C'était il y a 25 ans. Le mur de Berlin tombait et il est de bon ton d'en attribuer une partie des mérites à Mikhaïl Gorbatchev. L'occasion de se pencher sur le destin de cet homme, "président" de l'URSS entre 1985 et 1991. D'autant qu'une récente biographie vient de sortir, signée Bernard Lecomte.
Apparatchik bon teint, Gorbatchev est vu comme le tombeur
du mur de Berlin. En réalité, il n’a pas fait tomber grand-chose, si ce n’est
lui-même, de son piédestal. Mais au moins faut-il lui reconnaître, et c’est
déjà énorme, d’avoir su accepter les virages de l’histoire, à défaut de les
avoir tous impulsés.
Et pacifiquement, surtout. Sans jamais avoir imaginé, une
seule seconde, faire intervenir les chars. C’est si facile, pourtant, de faire
appel aux chars… Si tentant, même, quand on est l’héritier de Staline et Brejnev.
La grande gloire de Gorbatchev, autant que son drame
personnel, est d’avoir été le fossoyeur du communisme. Quelle responsabilité,
pour un seul homme. Tirer un trait sur 70 ans d’histoire soviétique. Par quels dilemmes
a dû passer cet homme, né en 1931, pur produit du « système », pour
en arriver là…
Comment réformer ce qui n'est pas réformable? Cruel dilemme que celui qui se pose à Gorbatchev quand il arrive au pouvoir en URSS, en 1985. |
Quand il arrive au pouvoir, en 1985, il a la clairvoyance
de comprendre que l’URSS va droit dans le mur. Qu’il faut engager des réformes,
coûte que coûte. Elles sont passées à la postérité, répondant aux noms de perestroïka
et de glasnost, restructuration et transparence.
Deux révolutions majeures au pays des Soviets. Comprend-il,
Gorbatchev, quand il engage ces politiques, qu’il s’attelle à un programme
insoluble ? Comment réformer et moderniser un système qui n’est ni réformable,
ni modernisable…
Bernard Lecomte, dans une récente biographie consacrée à
Gorbatchev, évoque ainsi la parabole de l’œuf pour résumer cette difficulté :
« la seule manière de changer sa forme, c’est de le briser ». Vous
pouvez essayer chez vous, c’est frappé au coin du bon sens, tout pareil que se
lécher le coude est impossible…
Jusqu'ici tout va bien... |
Et voilà donc notre Gorbatchev embarqué dans cette sale
histoire : obligé de réaliser l’irréalisable. Il s’y échine pendant plus
de six ans, cela dit, le bougre. Avant de devoir s’avouer vaincu, acculé
piteusement à la démission le jour de Noël 1991, alors même que, depuis longtemps
déjà, son pouvoir s’était réduit comme peau de chagrin.
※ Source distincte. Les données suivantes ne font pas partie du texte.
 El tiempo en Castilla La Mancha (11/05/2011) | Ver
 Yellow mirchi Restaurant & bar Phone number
L’histoire d’un homme passé de maître du monde, chef de la
deuxième puissance mondiale, à président fantoche, méprisé de tous et plus
écouté par personne. Un destin finalement aussi grandiose que triste.
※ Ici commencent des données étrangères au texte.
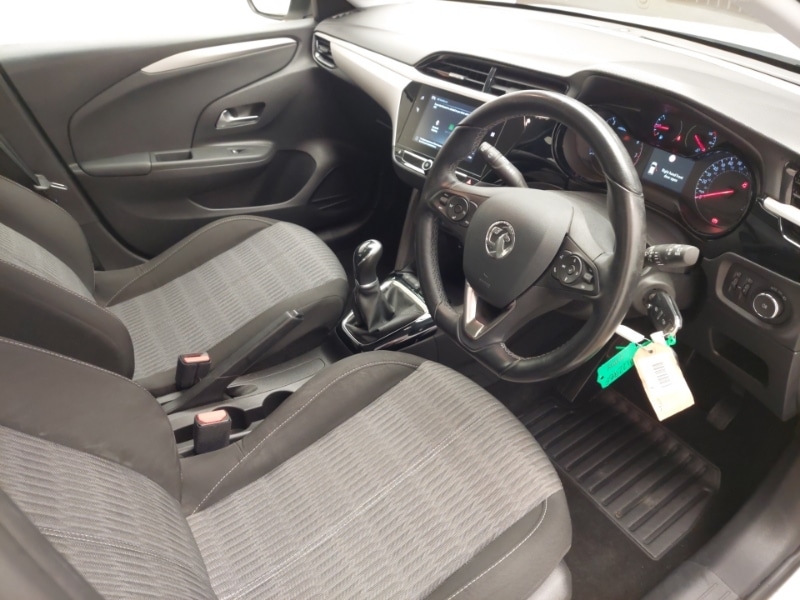Used Vauxhall Corsa 2022 for sale - 76129813: Photo 13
Gorbatchev, incapable d’admettre que, bien que jeune encore – il a 60 ans tout
juste quand il quitte le pouvoir -, il fait partie du passé, sans plus aucun
espoir de revenir aux premiers plans…
Le malheureux, s’accrochant à ses rêves de pouvoir, tente pourtant
un pitoyable retour sur la scène politique en 1996. Il est, cette année-là,
candidat à l’élection présidentielle russe. Il y croit dur comme fer, fait
campagne, coupé de la réalité, et s’obstine plus qu’il ne faudrait. « Si
je fais moins de 30% des voix, c’est que l’élection aura été truquée »,
pérore-t-il encore à la veille du premier tour, rapporte son biographe.
Il rassemble finalement… 0,51% des voix. C’est pathétique.
Cruel, aussi, car cet homme-là, qu’on le veuille ou non, est l’un des rares
géants de la fin du siècle dernier. Un nom qui restera. Et qui mérite donc qu’on
se penche un peu plus sur son histoire.
Le petit Mikhaïl Gorbatchev naît le 2 mars 1931 à Privolnoe,
dans le sud de la Russie, pas très loin de l’Ukraine, à proximité de la mer Noire.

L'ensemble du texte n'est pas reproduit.